Die ersten drei Monate verbrachte er in Papeete, der Hauptstadt der Kolonie, die bereits stark von der französischen und europäischen Kultur geprägt war. Seine Biografin Belinda Thomson merkt an, dass er von seiner Vision einer primitiven Idylle enttäuscht gewesen sein muss. Er konnte sich den vergnügungssüchtigen Lebensstil in Papeete nicht leisten, und ein früher Versuch eines Porträts, Suzanne Bambridge, kam nicht gut an. Er beschloss, sein Atelier in Mataiea, Papeari, etwa 45 Kilometer von Papeete entfernt, in einer Bambushütte im Stil der Eingeborenen einzurichten. Hier schuf er Gemälde, die das tahitianische Leben darstellen, wie Fatata te Miti (Am Meer) und Ia Orana Maria (Ave Maria), wobei letzteres zu seinem wertvollsten tahitianischen Gemälde wurde.
Viele seiner schönsten Gemälde stammen aus dieser Zeit. Sein erstes Porträt eines tahitianischen Modells ist vermutlich Vahine no te tiare (Frau mit einer Blume). Das Gemälde zeichnet sich durch die Sorgfalt aus, mit der es die polynesischen Züge darstellt. Er schickt das Gemälde an seinen Mäzen George-Daniel de Monfreid, einen Freund von Schuffenecker, der Gauguins treuer Förderer auf Tahiti werden sollte.
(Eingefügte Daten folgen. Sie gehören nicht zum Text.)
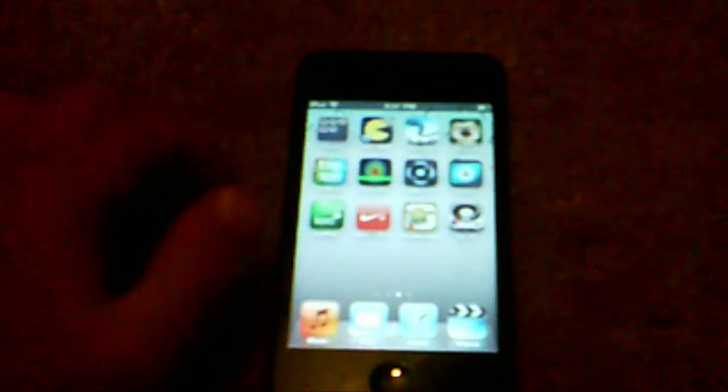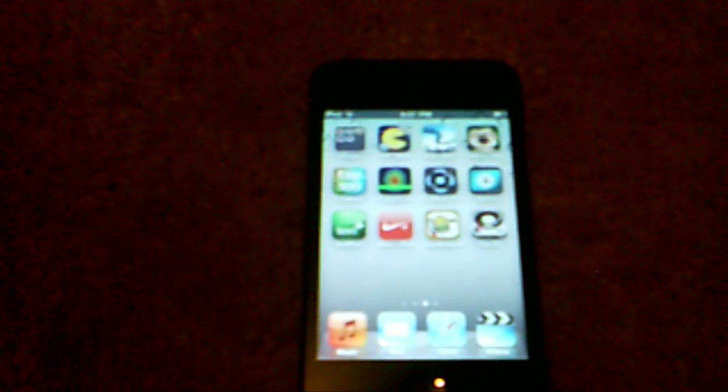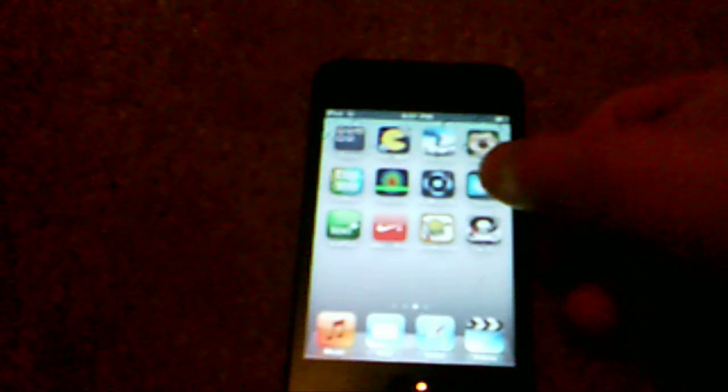Hey guys, Camera7001 here, and I'm going to be doing an app review of Splice Video Editor.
Im Spätsommer 1892 wurde das Gemälde in Goupils Galerie in Paris ausgestellt. Die Kunsthistorikerin Nancy Mowll Mathews ist der Meinung, dass Gauguins Begegnung mit der exotischen Sinnlichkeit auf Tahiti, die in dem Gemälde so deutlich zum Ausdruck kommt, der bei weitem wichtigste Aspekt seines Aufenthalts dort war.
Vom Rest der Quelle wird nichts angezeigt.